El mayor problema de esa pretendida simplicidad es caer en la nadería, algo que a González Iglesias le pasa a menudo en las páginas de su último libro, Confiado (Visor, premio Ciudad de Melilla, por cierto, el tercero de Visor que su autor se mete en el bolsillo, si no me falla la cuenta). De un poema como “Nuestra Península” lo mejor que puede decirse es que es un apunte para un poema, aunque no pueda uno muy bien imaginarse qué poema sería ese. “Estación de Austerlitz” es una variación al tema viejo del mirón, pero sin nada que haga que el poema levante el vuelo. En el “Elogio de la biblioteca pública” no se sabe muy bien dónde está el elogio, ni el poema. “Teoría del regalo” es un elogio del hacerse regalos que, con un par de rimas bien puestas, hubiera firmado Campoamor en cualquier abanico. La lista de inanidades, de poemas que provocan un gesto algo atónito de “pues vale”, es larga. Valga como ejemplo el poema “Dos asuntos”:
Estuve años meditando en torno
al poder.
Lo dejé. Tuve que reflexionar
sobre el mal.
Una mujer me dijo: no son cosas
tan distintas.
La verdad es que parece complicado ser más soso y más simple sin dejar de ser, de un modo algo retorcido, pretencioso. El asunto de este libro de González Iglesias es que el mundo está bien hecho: bucear media horita proporciona eternidad, si te despiertas junto a un rubiales treintañero eres afortunado, y todo lo hermoso del mundo se concentra en morder una manzana:
Un hombre joven muerde una manzana.
A pesar del volumen de la radio
que habla de fútbol, a pesar del ruido
del motor, de la gente que habla dentro
del autobús, cada mordisco deja
oír el casi rugido
con que los dientes entran en la carne
extraña de la fruta, reiterando
su despreocupación, su confianza
en el tiempo que tiene por delante.
Y uno no puede dejar de admirar la despreocupación del protagonista del poema (aunque se pregunte qué tiene de raro la carne de la manzana), pero espera un poco más de un poeta talentoso como sin duda es González Iglesias. El mayor problema de este libro es que pone como meta (la contemplación del instante, digamos, la capacidad de descubrir la hermosura del mundo en lo mínimo) lo que en un poeta debe ser el punto de partida: la capacidad de observación absoluta, de atención, de contemplación. Cuando el punto de partida se convierte en la meta, ocurre lo que aquí: la simplonería.Una simplonería aderezada por una felicidad muy burguesa (es un detalle al margen, pero no puedo evitar preguntarme cuál es la visión del mundo de alguien que dedica un poema “Para los Duques de Soria”, anteponiendo el tal ducado al nombre de los destinatarios del poema), ajena a cualquier tipo de inteligencia (me remito de nuevo a “Dos asuntos”) y que remite a un clasicismo convenientemente podado (el clasicismo de quien, pongamos, disfrutaba de tener esclavos, no el de quien lo era).
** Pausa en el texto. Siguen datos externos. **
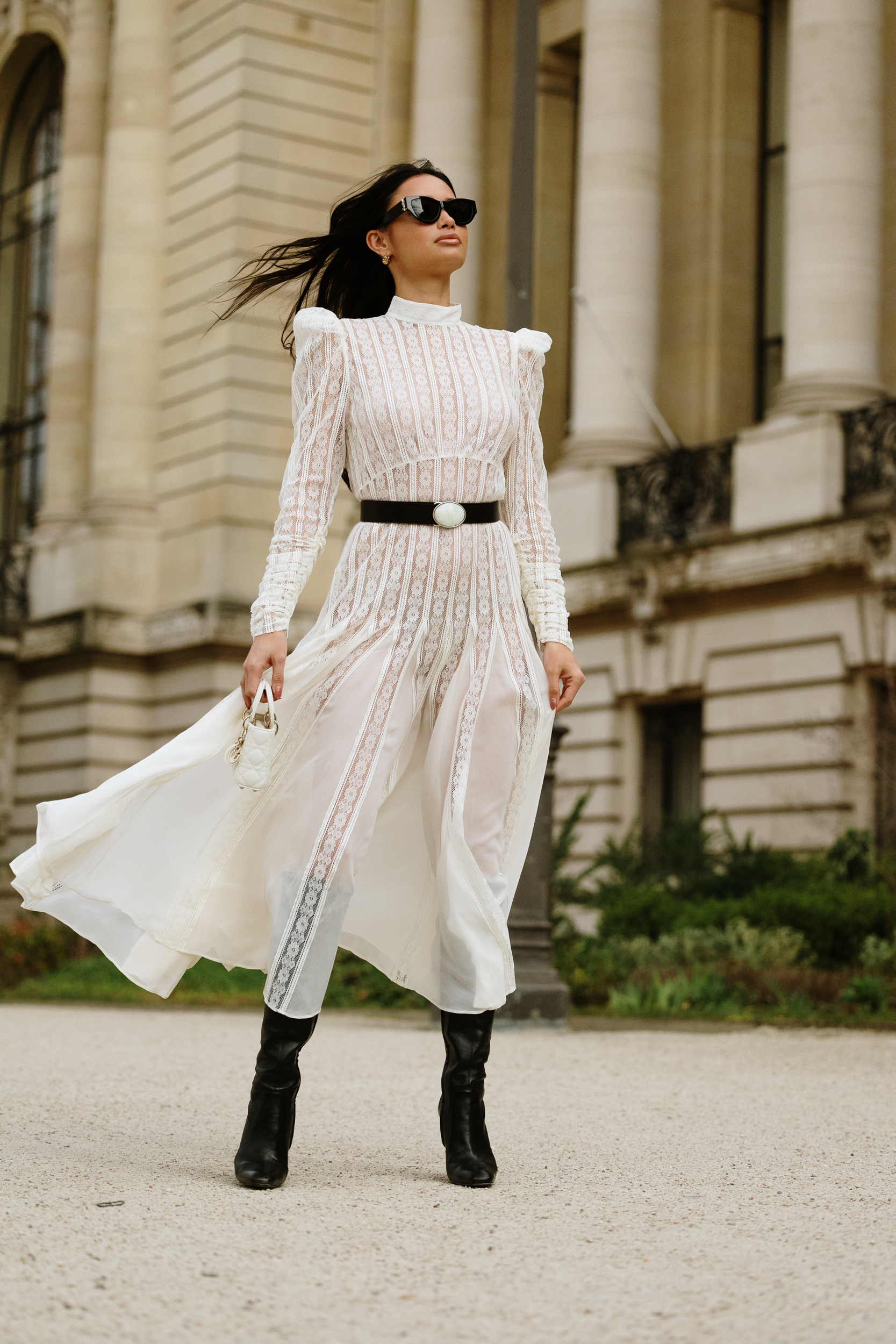 Paris Street Style Fall 2023 Shows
A uno la realidad le pide felicidad, pero una felicidad un poco más compleja. González Iglesias ha escrito un buen puñado de buenos poemas que le justifican, pero más allá de un trato claro con el lenguaje, que sin duda tiene, hay que pedirle mucho más. El protagonista de Confiado no se sabe muy bien en qué mundo vive. Y eso le condena a una inanidad indolente, sosa y aburrida, a una felicidad de anuncio de Ikea y escaparate de Galerías Preciados (sí: ya sé que ya no existen).